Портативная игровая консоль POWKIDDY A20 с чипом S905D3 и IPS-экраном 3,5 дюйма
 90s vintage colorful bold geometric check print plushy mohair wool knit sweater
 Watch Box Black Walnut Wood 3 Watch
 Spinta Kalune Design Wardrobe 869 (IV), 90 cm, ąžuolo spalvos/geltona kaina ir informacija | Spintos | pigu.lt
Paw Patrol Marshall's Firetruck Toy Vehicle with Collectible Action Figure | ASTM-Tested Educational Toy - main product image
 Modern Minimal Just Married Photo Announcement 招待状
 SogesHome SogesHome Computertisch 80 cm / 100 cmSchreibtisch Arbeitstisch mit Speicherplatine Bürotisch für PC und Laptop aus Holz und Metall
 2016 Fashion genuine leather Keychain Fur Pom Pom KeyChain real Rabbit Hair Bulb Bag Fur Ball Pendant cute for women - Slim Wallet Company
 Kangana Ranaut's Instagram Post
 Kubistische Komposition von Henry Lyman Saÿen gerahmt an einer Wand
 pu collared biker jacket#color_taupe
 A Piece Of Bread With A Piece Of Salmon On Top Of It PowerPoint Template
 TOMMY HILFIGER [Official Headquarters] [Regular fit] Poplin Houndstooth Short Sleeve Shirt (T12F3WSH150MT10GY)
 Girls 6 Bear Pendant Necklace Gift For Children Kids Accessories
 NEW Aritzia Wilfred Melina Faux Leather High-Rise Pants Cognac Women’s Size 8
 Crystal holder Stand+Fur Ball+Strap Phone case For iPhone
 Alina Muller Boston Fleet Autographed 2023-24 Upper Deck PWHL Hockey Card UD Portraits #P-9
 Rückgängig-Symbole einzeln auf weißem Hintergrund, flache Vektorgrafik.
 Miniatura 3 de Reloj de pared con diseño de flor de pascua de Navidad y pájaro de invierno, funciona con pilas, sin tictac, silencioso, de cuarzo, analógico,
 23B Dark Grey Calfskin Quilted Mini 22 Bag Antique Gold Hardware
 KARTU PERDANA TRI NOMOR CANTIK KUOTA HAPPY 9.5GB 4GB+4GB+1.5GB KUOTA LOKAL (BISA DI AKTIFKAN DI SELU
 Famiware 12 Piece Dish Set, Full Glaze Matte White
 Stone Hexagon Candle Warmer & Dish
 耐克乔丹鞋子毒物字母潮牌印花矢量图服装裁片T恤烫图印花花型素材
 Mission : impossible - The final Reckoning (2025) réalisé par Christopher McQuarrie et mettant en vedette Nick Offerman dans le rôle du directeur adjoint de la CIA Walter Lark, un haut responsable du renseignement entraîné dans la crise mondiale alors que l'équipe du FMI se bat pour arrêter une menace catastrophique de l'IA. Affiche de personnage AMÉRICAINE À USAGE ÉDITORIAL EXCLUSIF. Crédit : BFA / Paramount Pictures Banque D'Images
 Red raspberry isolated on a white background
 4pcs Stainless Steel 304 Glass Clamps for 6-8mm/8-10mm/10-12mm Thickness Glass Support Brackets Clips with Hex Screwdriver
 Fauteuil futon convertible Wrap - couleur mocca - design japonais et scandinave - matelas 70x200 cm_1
════════
__TASK INSTRUCTIONS__: Write each entry out again, exactly as it reads above.

__RESPONSE__:
Портативная игровая консоль POWKIDDY A20 с чипом S905D3 и IPS-экраном 3,5 дюйма
 90s vintage colorful bold geometric check print plushy mohair wool knit sweater
 Watch Box Black Walnut Wood 3 Watch
 Spinta Kalune Design Wardrobe 869 (IV), 90 cm, ąžuolo spalvos/geltona kaina ir informacija | Spintos | pigu.lt
Paw Patrol Marshall's Firetruck Toy Vehicle with Collectible Action Figure | ASTM-Tested Educational Toy - main product image
 Modern Minimal Just Married Photo Announcement 招待状
 SogesHome SogesHome Computertisch 80 cm / 100 cmSchreibtisch Arbeitstisch mit Speicherplatine Bürotisch für PC und Laptop aus Holz und Metall
 2016 Fashion genuine leather Keychain Fur Pom Pom KeyChain real Rabbit Hair Bulb Bag Fur Ball Pendant cute for women - Slim Wallet Company
 Kangana Ranaut's Instagram Post
 Kubistische Komposition von Henry Lyman Saÿen gerahmt an einer Wand
 pu collared biker jacket#color_taupe
 A Piece Of Bread With A Piece Of Salmon On Top Of It PowerPoint Template
 TOMMY HILFIGER [Official Headquarters] [Regular fit] Poplin Houndstooth Short Sleeve Shirt (T12F3WSH150MT10GY)
 Girls 6 Bear Pendant Necklace Gift For Children Kids Accessories
 NEW Aritzia Wilfred Melina Faux Leather High-Rise Pants Cognac Women’s Size 8
 Crystal holder Stand+Fur Ball+Strap Phone case For iPhone
 Alina Muller Boston Fleet Autographed 2023-24 Upper Deck PWHL Hockey Card UD Portraits #P-9
 Rückgängig-Symbole einzeln auf weißem Hintergrund, flache Vektorgrafik.
 Miniatura 3 de Reloj de pared con diseño de flor de pascua de Navidad y pájaro de invierno, funciona con pilas, sin tictac, silencioso, de cuarzo, analógico,
 23B Dark Grey Calfskin Quilted Mini 22 Bag Antique Gold Hardware
 KARTU PERDANA TRI NOMOR CANTIK KUOTA HAPPY 9.5GB 4GB+4GB+1.5GB KUOTA LOKAL (BISA DI AKTIFKAN DI SELU
 Famiware 12 Piece Dish Set, Full Glaze Matte White
 Stone Hexagon Candle Warmer & Dish
 耐克乔丹鞋子毒物字母潮牌印花矢量图服装裁片T恤烫图印花花型素材
 Mission : impossible - The final Reckoning (2025) réalisé par Christopher McQuarrie et mettant en vedette Nick Offerman dans le rôle du directeur adjoint de la CIA Walter Lark, un haut responsable du renseignement entraîné dans la crise mondiale alors que l'équipe du FMI se bat pour arrêter une menace catastrophique de l'IA. Affiche de personnage AMÉRICAINE À USAGE ÉDITORIAL EXCLUSIF. Crédit : BFA / Paramount Pictures Banque D'Images
 Red raspberry isolated on a white background
 4pcs Stainless Steel 304 Glass Clamps for 6-8mm/8-10mm/10-12mm Thickness Glass Support Brackets Clips with Hex Screwdriver
 Fauteuil futon convertible Wrap - couleur mocca - design japonais et scandinave - matelas 70x200 cm_1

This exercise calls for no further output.